And finally, just before I called her she had tossed out a letter which she had
cleaned out of her files (she's newly retired 8^).  She pulled it back out of the
trash and read it off.  It was from a nurse in the Portland, Oregon area who
does genealogical research specializing in medical research - there are
apparently professionals who do exactly what you're asking about.
 
 
MILK LEG
 
Daniel Kortenkamp asks:
Is "milk leg" a specific disorder which would have a modern diagnostic label
and explanation?
 
My g-grandmother died of "milk leg" in July of 1888, two weeks after giving
birth to her ninth child.  This was on a farm in NE Iowa.
 
Roger Scanland also wants to know:
The posts about milk-related deaths reminds me of an ancestor who the
family says died of "milkleg" shortly after giving birth to her last child.  Does
anyone know what "milkleg" was?
 
Jennifer R. Amon contributes this definition:
milk leg [1895-1900] - a painful swelling of the leg soon after childbirth, due to
thrombosis of the large veins.
 
Phil Frazier adds:
I believe it is a condition called phlebitis or an infection or irritation of the
veins of the leg.  My source is a nurse at the nursing home where my mother
in law now lives.  She (mother in law) had "milk leg" after the birth of her
second child. Maybe other medical types can confirm or elaborate on this for
you
 
And heere's Tom:
Finally have had time to pursue this issue:
 
Tried to find milk leg under milk leg in a 1958 medical dictionary.. no luck
 
Then I tried:
leg   milk
 
bingo! equated to phlegmasia alba dolens (another antique term)
 
looked up phlegmasia alba dolens...
 
milk leg -- being a painful swelling of the leg beginning at the ankle and
ascending or at the groin and extending down the thigh... its usual cause is
infection after labor
 
note: it looks like the diagnosis of "euphoria" is similar... I recall  that it was
related to the Civil War (between the states).. Here the issue (as someone has
already responded) is inappropriate affect -- laughing when you shouldn't. In
a wartime context, the stress of battle has been given different names in every
recent war: shell shock, battle fatigue, post engagement stress syndrome...
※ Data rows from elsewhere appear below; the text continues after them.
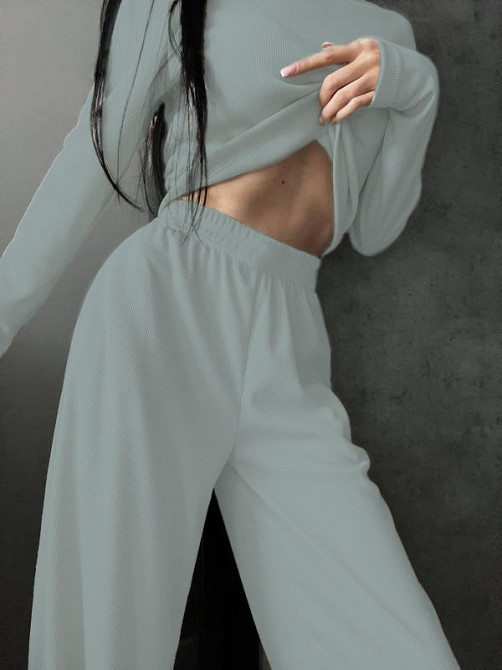 Женский костюм штаны с лонгсливом Оливковый 50/52 Харьков - изображение 3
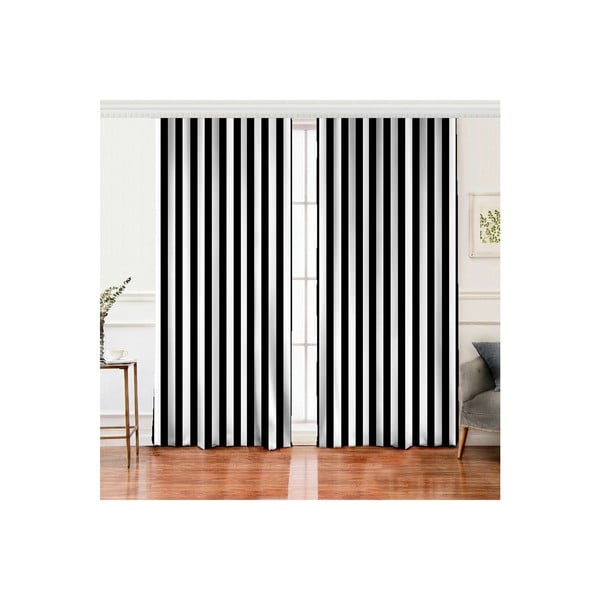 Set di tende bianche e nere 2 pz 140x260 cm - Mila Home-image-2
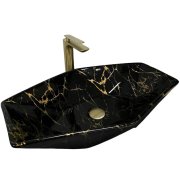 Раковина для ванної кімнати VBI VENEZIA 63,5x41 см кераміка чорний мармур глянсовий VBI-012405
looks like a variant of the same..
 
Other issues: Sometimes a disease is rephrased in terms a layman thinks
he/she hears: Example -- "Simple Smiling Jesus" = spinal meningitis the
grimaces that often accompany the disease make the interpreted name seem
reasonable -- and it is no more obscure than phlegmasia alba dolens..
 
George L. Thurston joins in:
My Webster's New World Dictionary defines "milkleg" as "a former term for
a painful swelling of the leg, caused by inflammation and clotting in the
femoral veins, usually as a result of infection during childbirth."
 
Jean Suplick adds:
Webster's 9th New Collegiate says:
 
"A painful swelling of the leg at childbirth caused by inflammation and
clotting in the veins."
 
Maybe your ancestor had a clot broke loose and got lodged in the lung.
 
Tom Lincoln joins in again:
In any case, phlegmon dolorosa alba was the more formal name at the time.
 
It was a rapidly extending infection usually caused by beta hemolytic
striptococci in which the infection was deep and spread along the muscles, etc.
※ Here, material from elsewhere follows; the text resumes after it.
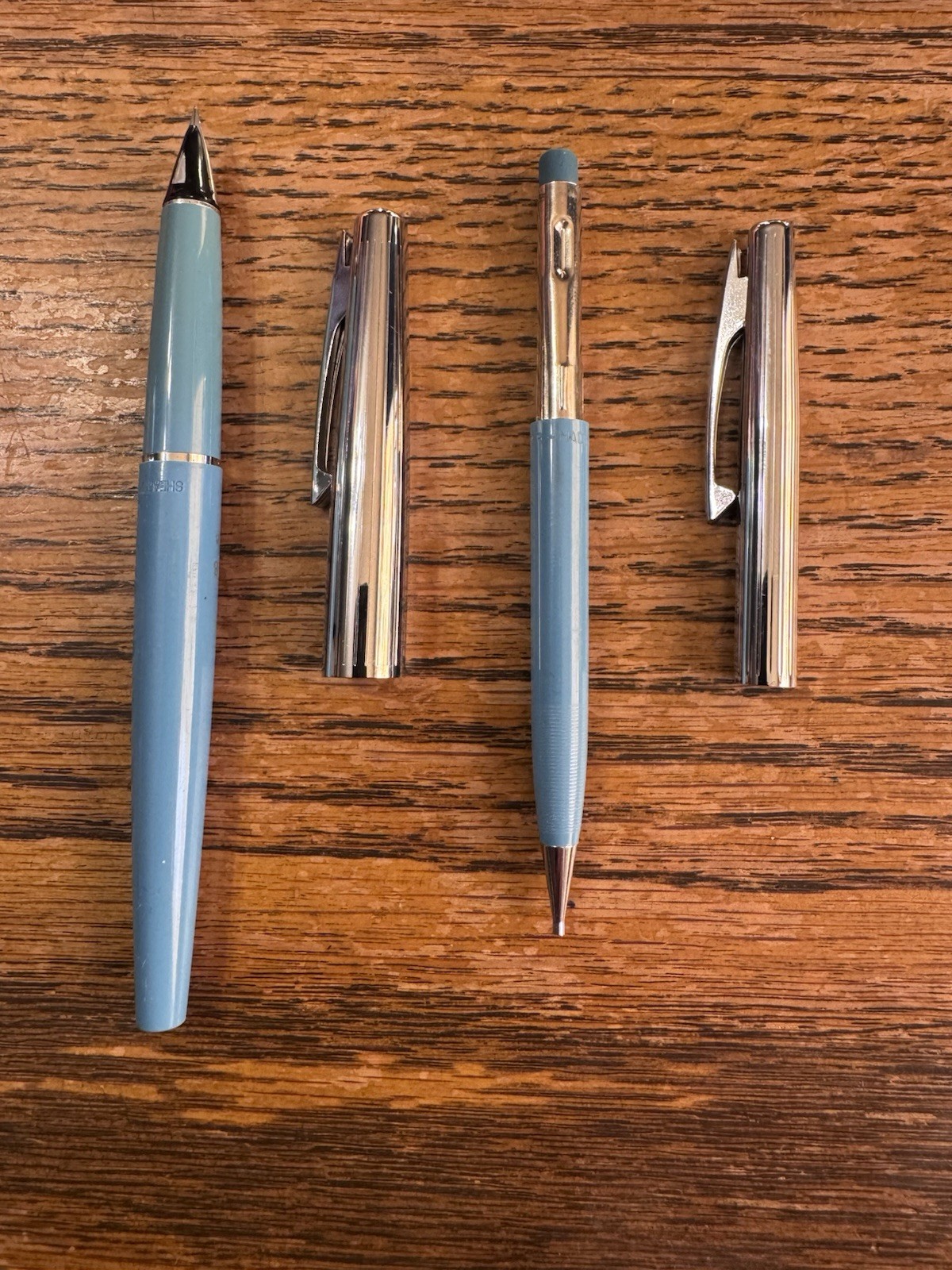 Vintage Sheaffer Blue Fountain Pen And Pencil Set In Box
Also commonly accompanied by thrombosis.
 
It was one of the fatal patterns of post partum infection.
 
Jerry Bennett sez:
I know, from personal experience, that "milkleg" was also found in animals.
 
When I was a kid (and we won't say how long ago that was), my folks has a
small farm outside of town.  (Since the town was Miami, you can guess how
long ago it was.)  Anyway, my dad wanted to buy a mule, and one was
advertised in the paper.  I don't remember all the facts, but I do remember
that my mom went to look at it, and they were about to buy it, when my dad
became quite angry.  He said that the mule had a "milkleg", and that the seller
was just trying to dump it.  I can remember him showing us the right hind
leg of the mule, and it appeared quite swollen.  (Amazing how some of these
pictures stay with you.  I haven't thought about "milkleg" in over xx years!)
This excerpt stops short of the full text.